We study the set of all Ricci-flat Riemannian metrics on a given compact manifold. These metrics are the Riemannian analogues to the solutions of the vaccuum Einstein equations, and therefore one would like to understand their structure. It is helpful to distinguish between ``good'' and ``bad'' Ricci-flat metrics: Good Ricci-flat Riemannian manifolds admit a parallel spinor on the universal covering, bad ones do not.

The set of bad Ricci-flat metrics is poorly understood. Nobody knows whether bad compact Ricci-flat Riemannian manifolds exist, and if they exist, there is no reason to expect that the set of such metrics on a fixed compact manifold should have the structure of a smooth manifold.

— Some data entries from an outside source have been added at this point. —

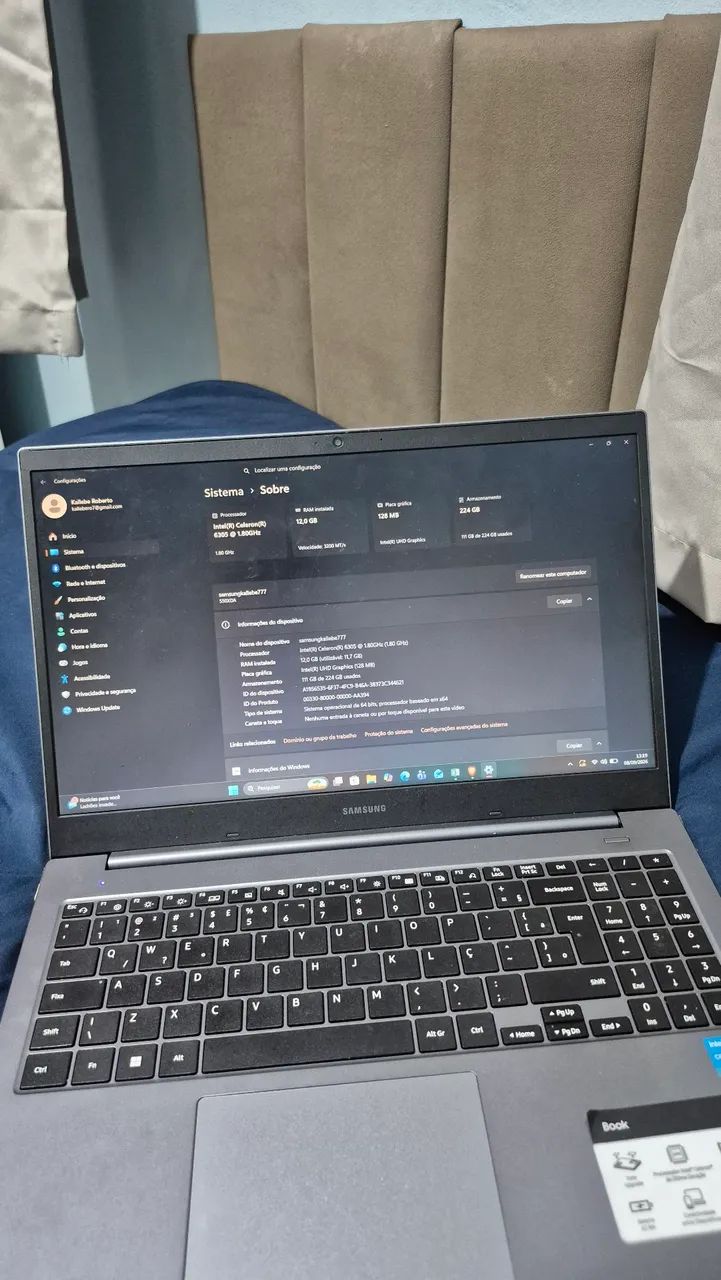 Notebook Samsung 12GB RAM + 224GB | Celeron | Windows 11 - Foto 3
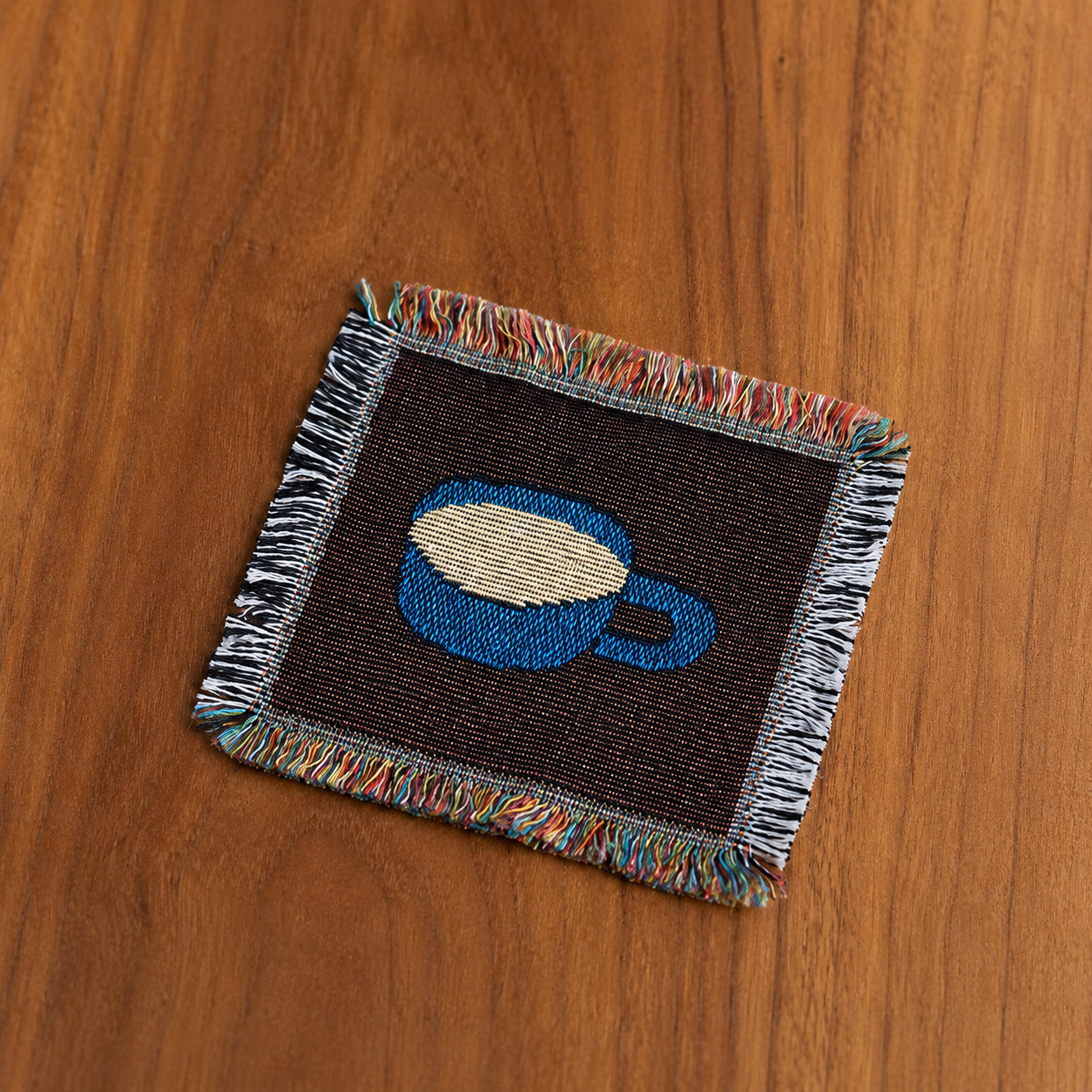 Coffee Woven Coaster – Artisan Table Coaster for Cozy Moments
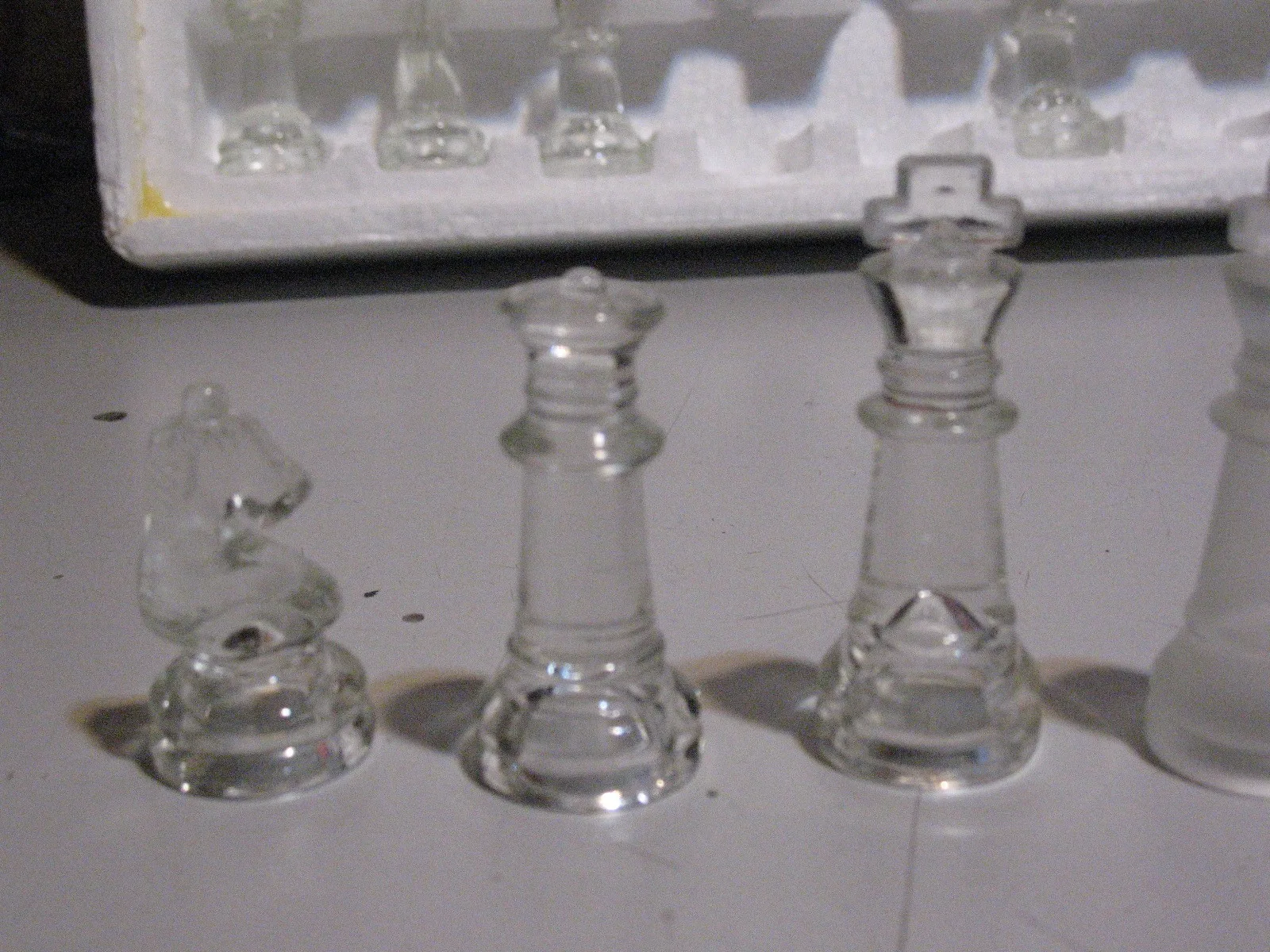 3 in 1 Glass Chess/Backgammon/and Checkers Game image indicator(7)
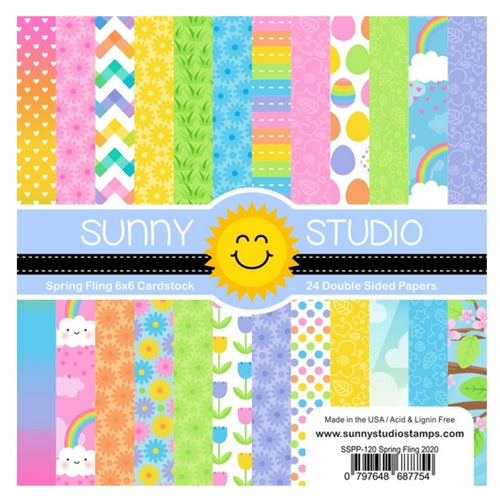 Simon Says Stamp! Sunny Studio SPRING FLING 6x6 Paper Pad SSPP 120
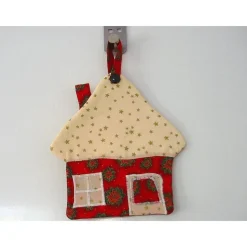 Nikolaushäuschen schöner Advents- und Weihnachts-Dekohänger genäht von Hobbyhaus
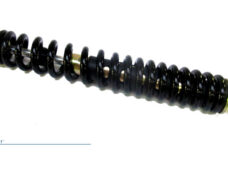 Zwarte achterschokbreker 315mm voor Peugeot V-Clic GY6 QMB139 scooter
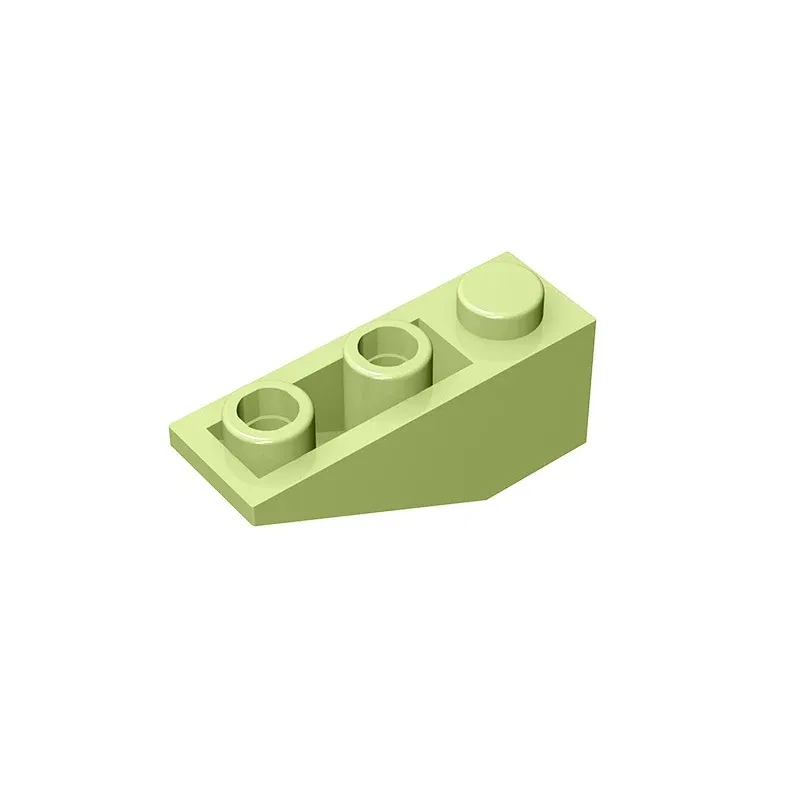 Color: Chocolate - Gobricks GDS-596 Slope, Inverted 33 3 x 1 compatiblewith lego 4287 pieces of children's toys Assembles Building Blocks Technical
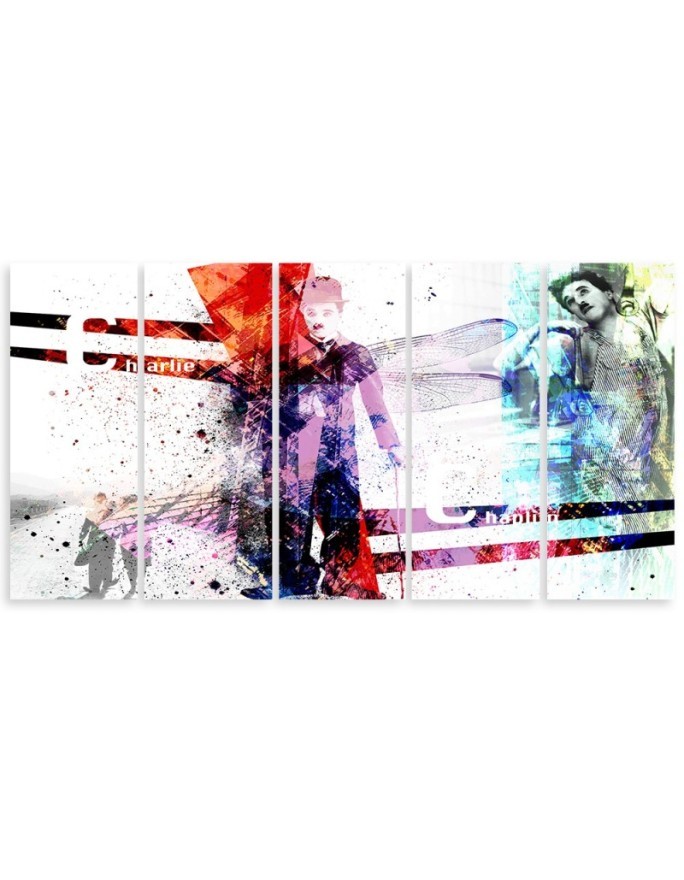 Modern canvas print - Charlie Chaplin Actor | FEEBY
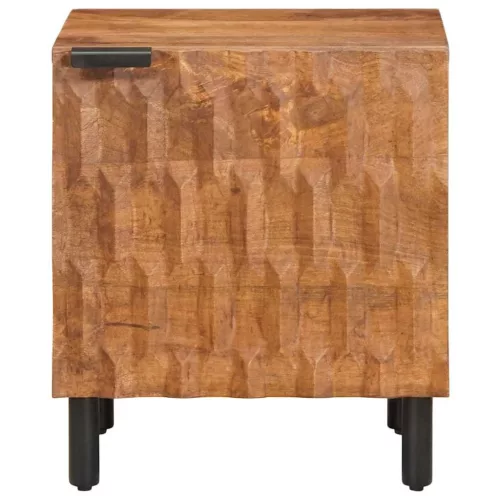  Éjjeliszekrény 2 pcs Barna 40 x 33,5 x 46 cm Tömör Mangófát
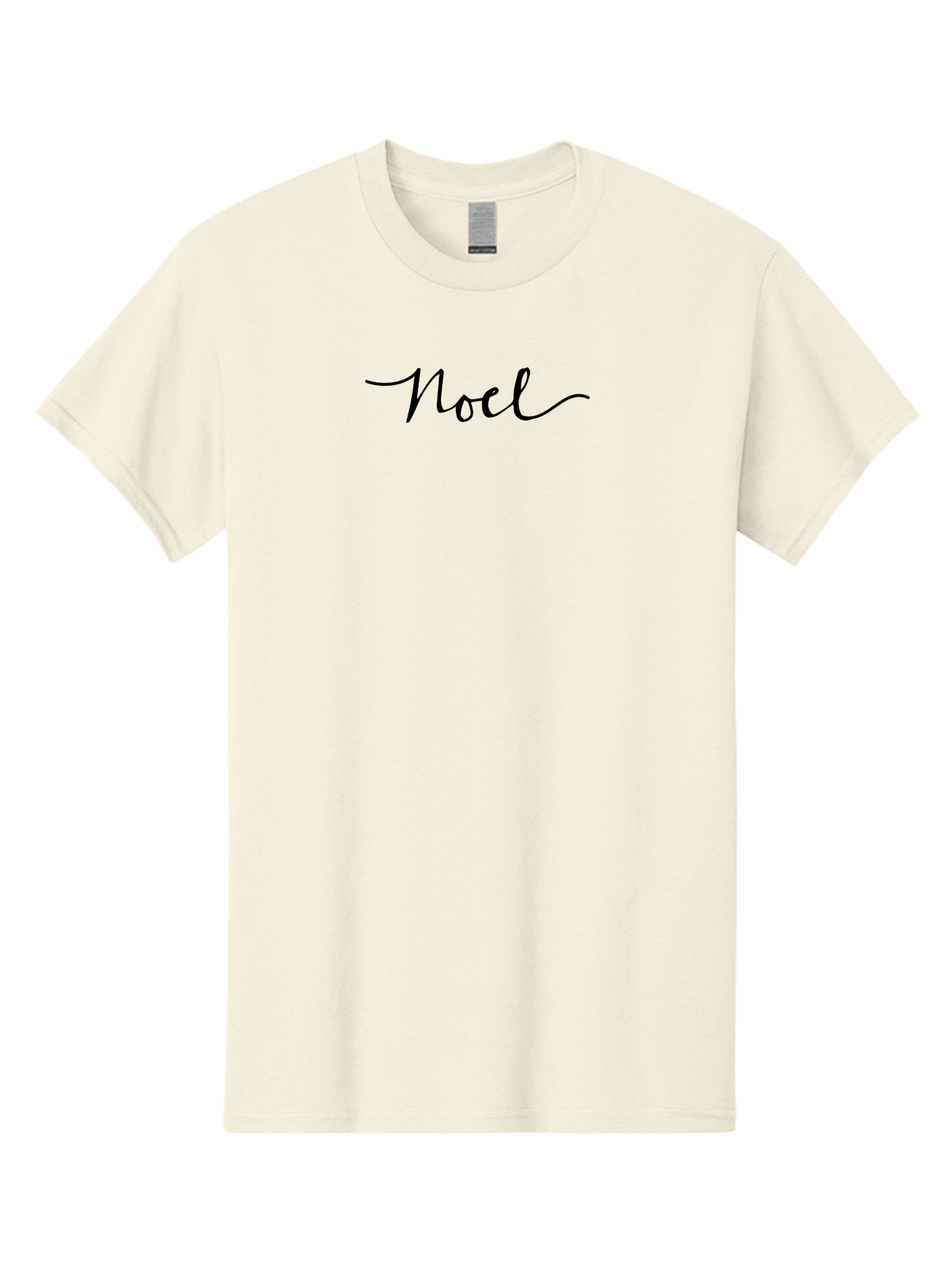 Noel-1 Men'S Graphic Tee, 100% Cotton, Comfortable Casual Summer Wear, Machine Washable, Noel, Cursive Script, Black Text, Holiday Greeting, Festive Typography, Christmas Card, Elegant Font, Winter Season, Seasonal Decor Aab006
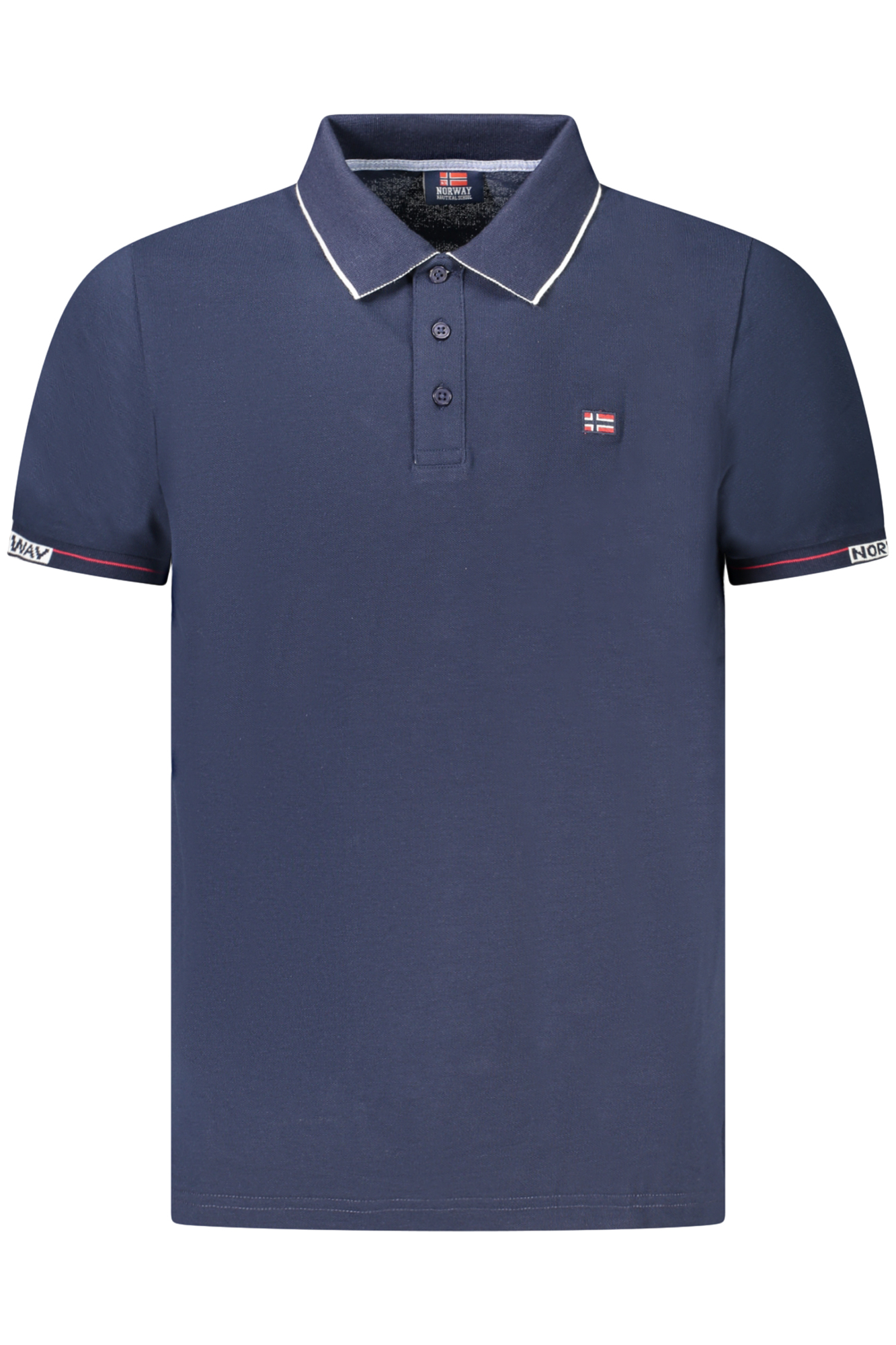 NORWAY 1963 POLO MANICHE CORTE UOMO BLU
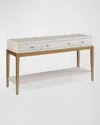 Katherine Noble By Bmc Perrine Console Table In Soft White
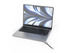 Compulocks Ledge Lock Adapter for MacBook Air 13" M2-M4 with Keyed Lock Silver
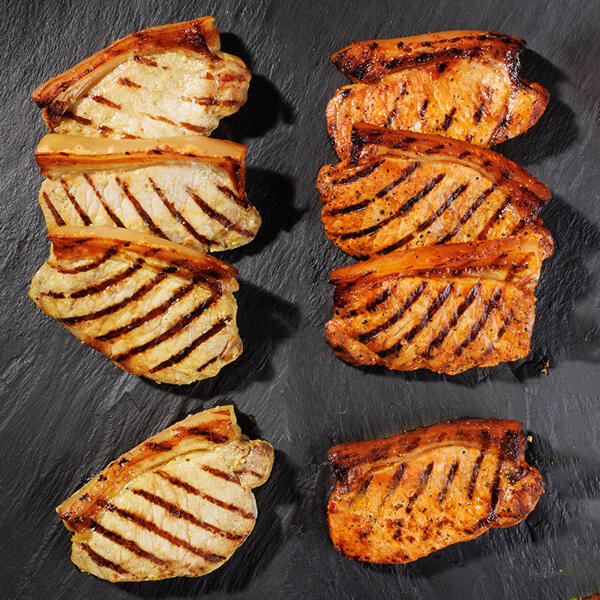 Schweine-Krustensteaks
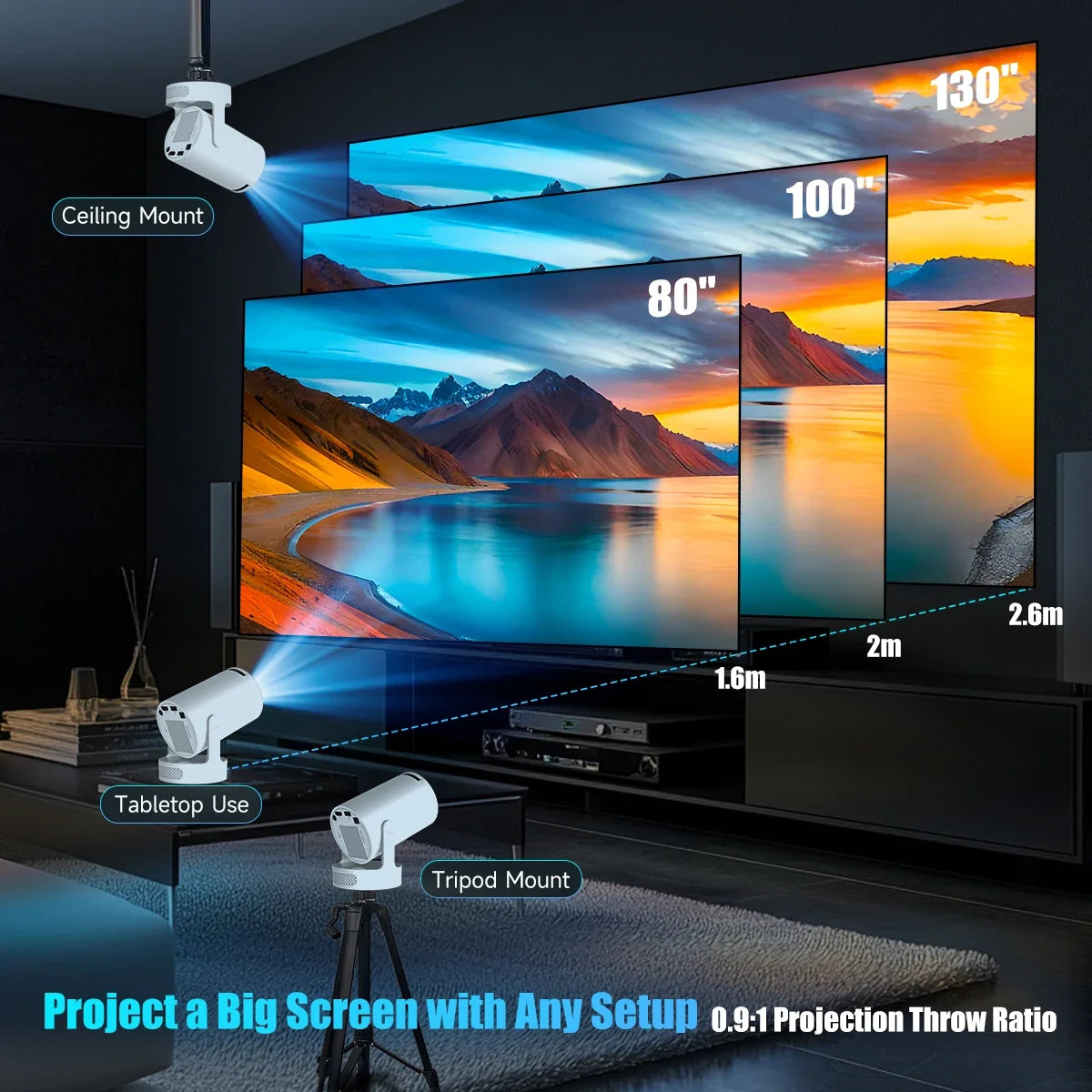 Haute Vue™ Smart Projector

On the other hand, there was a lot of progress by many mathematicians on the set of good Ricci-flat metrics. It is an open and closed subset in the space of all Ricci-flat metrics. The holonomy group is constant along connected components. The dimension of the space of parallel spinors as well. The good Ricci-flat metrics form a smooth Banach submanifold in the space of all metrics. Furthermore the associated premoduli space is a finite-dimensional smooth manifold.

A recent joint preprint with Kröncke, Weiss and Witt adds a small final step to obtain the above statements by analyzing products of good Ricci-flat metrics and their deformations.